Peril on the Royal Train
PublisherAllison & Busby
Date Published25 April 2014
Price£ 7.99

Peril On The Royal Train

by Edward Marston

London railway detectives Colbeck and Leeming visit Glasgow to investigate a crash and conclude that another atrocity will follow, this time with the royal family as target.


In 1858, a goods train on the Caledonian Railway hits a pile of rocks deliberately dynamited onto the line, resulting in three deaths. The manager seeks the help of famed London railway detective Inspector Robert Colbeck and his Sergeant, Victor Leeming, to bring the culprits to justice.

Colbeck has to threaten resignation to secure the permission of his superior to go, and on arrival in Glasgow finds local police uncooperative and hostile. Nevertheless, a number of suspects are chased down and eliminated from the enquiry, when events in London discovered by Colbeck’s wife and father-in-law suggest that a follow-up attack is planned, this time with Victoria and Albert as the victims.

This is what might be described as a good old-fashioned crime story, the sort of thing that would appeal to Agatha Christie fans.  There are plenty of possible villains trailed: a shepherd angry at the number of his flock killed by trains, a competing railway company, and aggrieved ex-staff dismissed for transgressions, to mention but a few. A small group of Sabbatarians, who object to railway travel on Sundays, feature every few pages, engaged in various unspecified activities. The true perpetrators and their motivation remain obscure until the end, despite the red herrings.
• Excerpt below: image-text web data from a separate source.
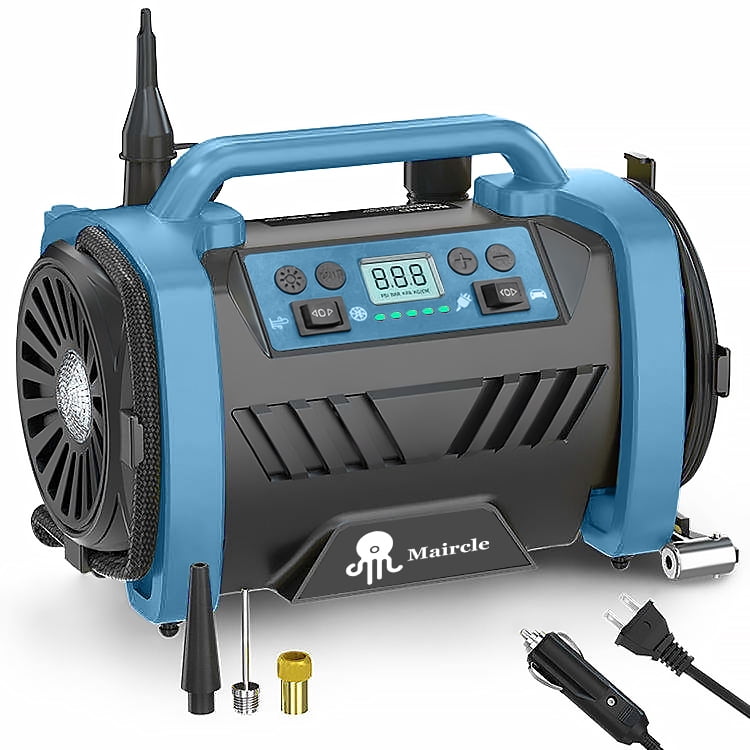 Maircle AC/DC Tire Inflator, 3 in 1 Portable Air Compressor for Car Tires with Auto Shut-off, LED Light, 150PSI Air Pump for Cars, Balls, Motorcycles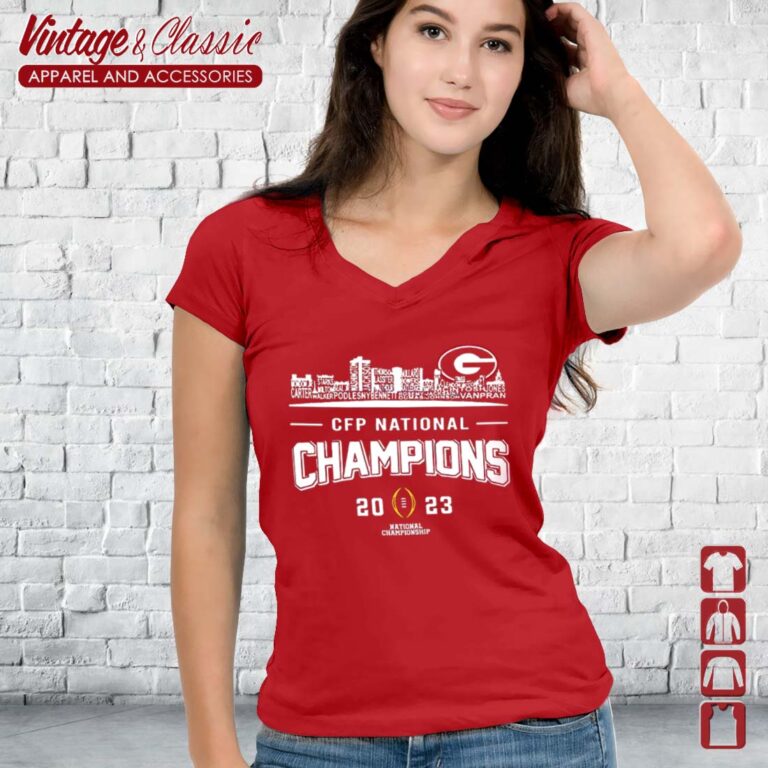 Georgia Bulldogs Team Name 2023 CFP National Champions Vneck Georgia Bulldogs Team Name 2023 CFP National Champions Vneck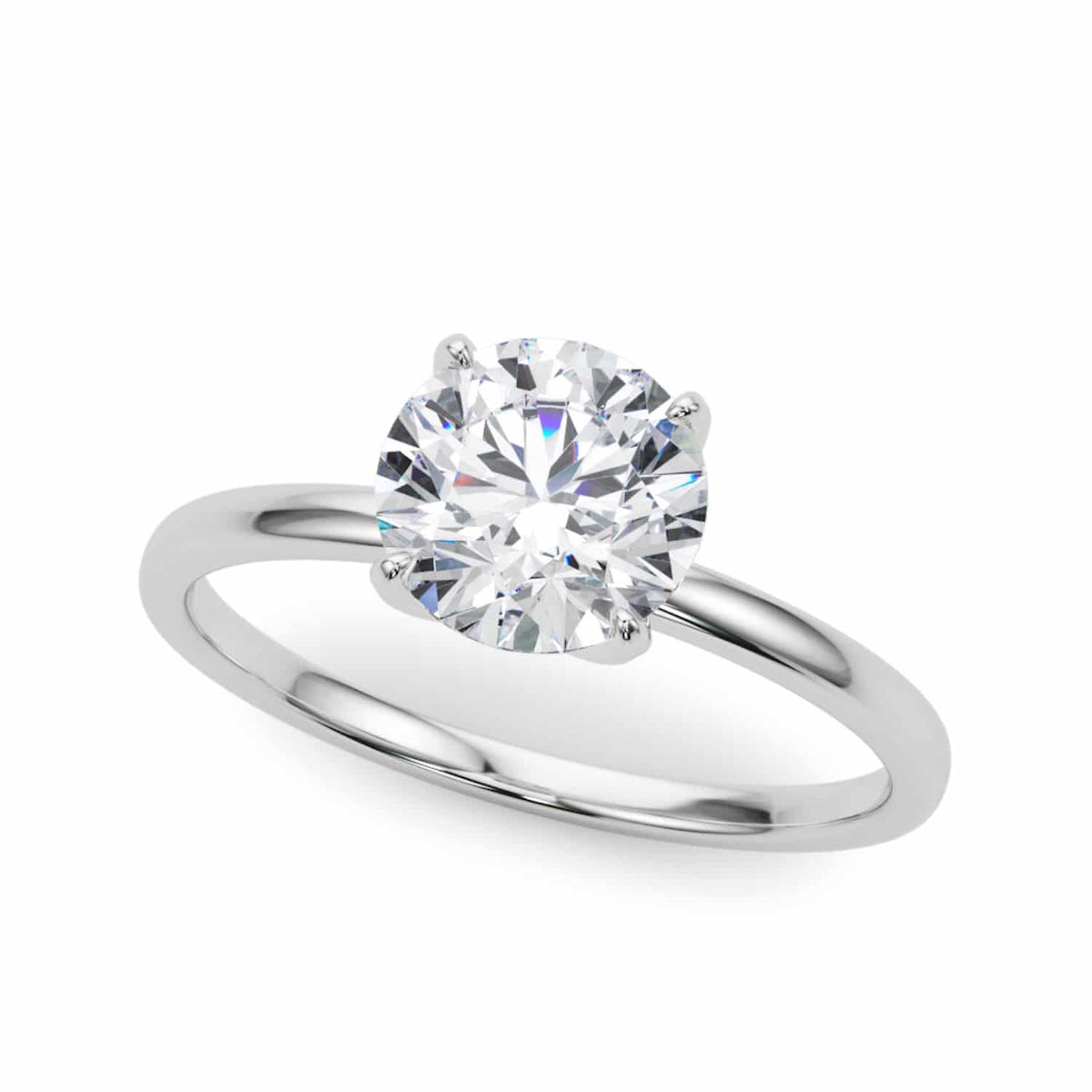 2CT Real Round Moissanite 18K Gold White Classic Solitaire Engagement Ring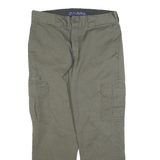 DICKIES Mens Regular Fit Cotton Blend Green Cargo Trousers W33 L30 Workwear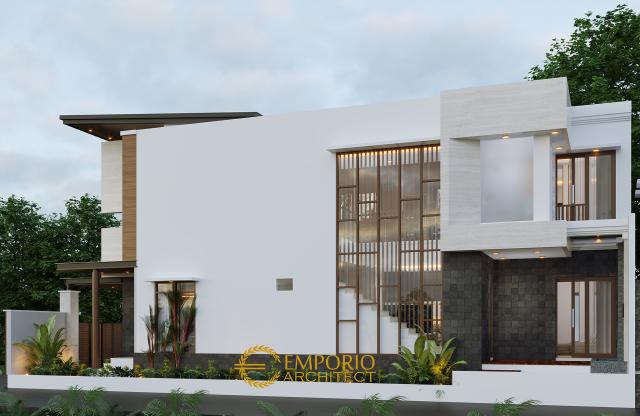 Desain Tampak Belakang Rumah Modern 2 Lantai Ibu Silvi di Surabaya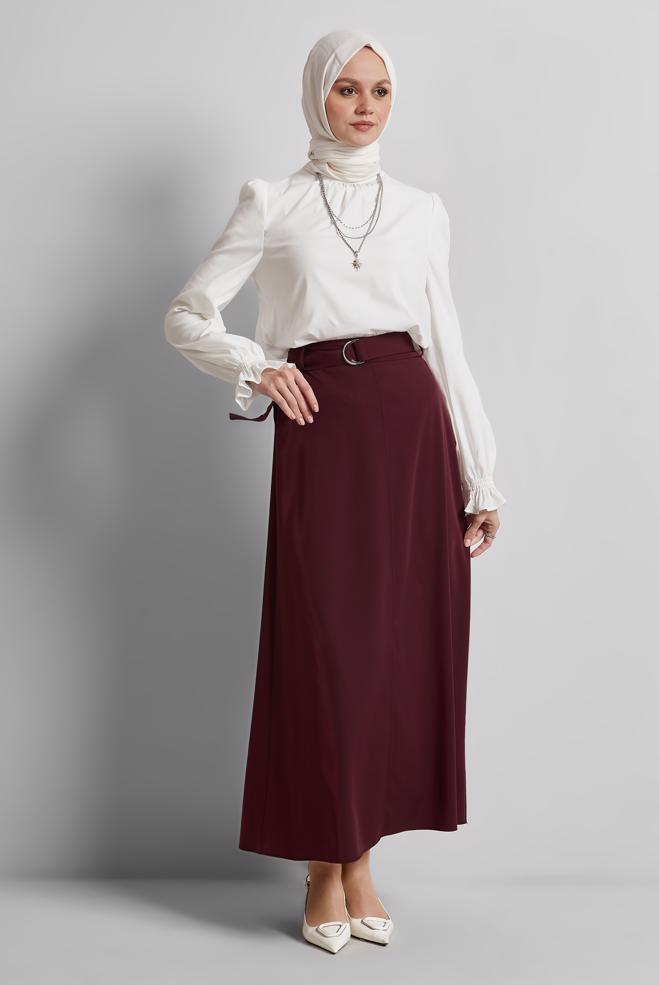 Hijab-Kleidung BURGUND ROCK MIT GÜRTEL 60430 - ALVİNA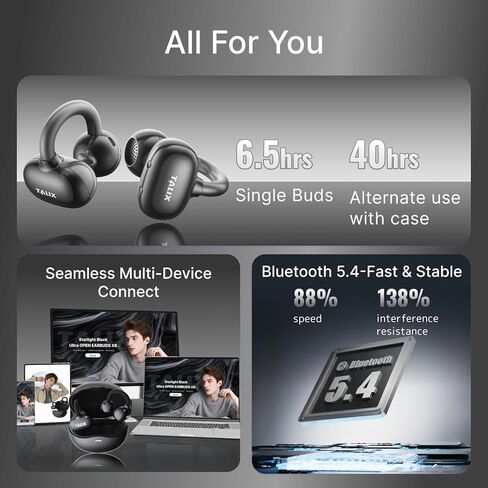 سماعات الأذن من Talix X6 ، وسماعات أذن الأذن المفتوحة اللاسلكية ، و 4.8G خفيفة للغاية ، والتحكم في اللمسات الذكية ، ووقت اللعب 40 ساعة ، والصوت الغامرة ، وآمنة للتدريبات والاستخدام اليومي (الأرجواني) in Kuwait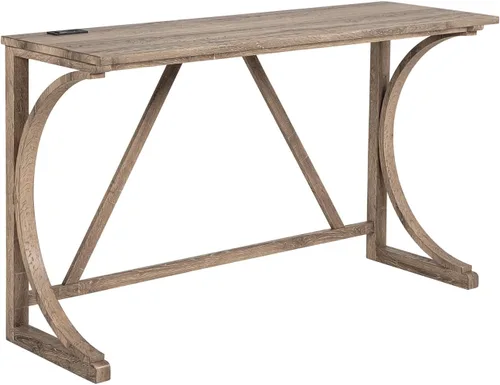 Vista 8 de Juego de mesa de barra de 59" de altura de mostrador con toma de corriente, mesa de desayuno industrial con 3 taburetes acolchados, juego de mesa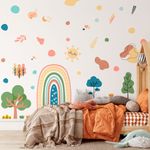 Adesivo de Parede Para Quarto Infantil Arco Íris, Árvores, Sol e Formas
If the reader has little chance of discerning the criminal by deductive method, the approach to policing has some interest given the early date and the lack of forensic assistance available. The two detectives are certainly prepared to put in the legwork to elicit locations where they might find suspects, and are not afraid of fisticuffs when necessary to apprehend their quarry. They are also relatively open-minded for their time and this is frequently in contrast with the more conventional persons of limited horizons that they have to deal with.

Unfortunately, there are a fair number of the latter, and although they provide a good foil for the protagonists, the humour to be gleaned from their behaviour palls very quickly. Tallis, Colbeck’s immediate superior, jealous rivals Superintendent Rory McTurk and Inspector Rae in Scotland, and Andrews, Colbeck’s father-in-law, are all men of limited ability with plenty to say, and we hear rather too much of it.

Peril on the Royal Train is number ten in Edward Marston’s railway detective series, itself only one of several series by this prolific author. No doubt his continued publication bears witness to a steady audience for this style of crime book, who may find in the straightforward motives of offenders and robust approach to police work certainties not found in more equivocal modern fiction.